### About this task
Locate the line that contains "this 600×400 image.". Copy it and every following line through the end of the records, exactly, and include nothing else.

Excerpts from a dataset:
────────────────────────────────────────

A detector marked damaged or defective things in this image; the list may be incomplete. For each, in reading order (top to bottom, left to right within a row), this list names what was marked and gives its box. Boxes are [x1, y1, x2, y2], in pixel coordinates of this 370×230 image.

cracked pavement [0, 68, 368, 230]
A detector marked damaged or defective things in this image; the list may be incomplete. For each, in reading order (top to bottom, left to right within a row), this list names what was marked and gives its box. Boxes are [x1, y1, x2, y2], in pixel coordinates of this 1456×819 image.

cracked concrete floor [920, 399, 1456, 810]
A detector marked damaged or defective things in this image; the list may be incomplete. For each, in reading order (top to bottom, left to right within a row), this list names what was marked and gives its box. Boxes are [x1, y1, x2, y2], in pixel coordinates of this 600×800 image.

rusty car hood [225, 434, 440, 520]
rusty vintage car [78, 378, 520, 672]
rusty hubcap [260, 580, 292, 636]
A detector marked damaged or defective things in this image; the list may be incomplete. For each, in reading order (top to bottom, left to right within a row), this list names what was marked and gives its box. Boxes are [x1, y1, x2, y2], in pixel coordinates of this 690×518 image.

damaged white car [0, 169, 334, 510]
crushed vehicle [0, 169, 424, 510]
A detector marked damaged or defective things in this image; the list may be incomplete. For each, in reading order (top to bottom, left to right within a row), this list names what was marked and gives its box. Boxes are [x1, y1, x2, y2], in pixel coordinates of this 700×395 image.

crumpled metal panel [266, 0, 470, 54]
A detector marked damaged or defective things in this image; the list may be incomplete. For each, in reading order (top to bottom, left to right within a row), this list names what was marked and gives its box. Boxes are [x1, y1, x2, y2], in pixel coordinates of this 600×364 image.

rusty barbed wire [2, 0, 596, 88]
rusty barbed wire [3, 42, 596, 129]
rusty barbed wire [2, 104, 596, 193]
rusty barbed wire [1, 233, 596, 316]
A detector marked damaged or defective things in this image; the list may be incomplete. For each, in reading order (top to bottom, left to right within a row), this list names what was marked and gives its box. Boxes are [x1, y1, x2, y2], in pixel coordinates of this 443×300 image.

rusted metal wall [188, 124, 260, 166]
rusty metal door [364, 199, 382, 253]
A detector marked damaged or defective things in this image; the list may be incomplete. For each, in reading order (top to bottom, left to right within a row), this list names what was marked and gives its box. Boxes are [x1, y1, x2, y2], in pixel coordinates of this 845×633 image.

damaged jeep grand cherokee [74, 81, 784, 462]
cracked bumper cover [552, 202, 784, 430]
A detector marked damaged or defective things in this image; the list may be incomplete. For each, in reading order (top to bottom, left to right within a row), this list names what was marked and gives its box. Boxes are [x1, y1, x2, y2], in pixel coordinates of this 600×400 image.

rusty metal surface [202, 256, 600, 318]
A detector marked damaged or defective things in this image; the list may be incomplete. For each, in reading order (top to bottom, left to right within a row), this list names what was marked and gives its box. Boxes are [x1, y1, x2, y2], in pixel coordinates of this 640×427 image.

────────────────────────────────────────

### Solution for this exercise
A detector marked damaged or defective things in this image; the list may be incomplete. For each, in reading order (top to bottom, left to right within a row), this list names what was marked and gives its box. Boxes are [x1, y1, x2, y2], in pixel coordinates of this 600×400 image.

rusty metal surface [202, 256, 600, 318]
A detector marked damaged or defective things in this image; the list may be incomplete. For each, in reading order (top to bottom, left to right within a row), this list names what was marked and gives its box. Boxes are [x1, y1, x2, y2], in pixel coordinates of this 640×427 image.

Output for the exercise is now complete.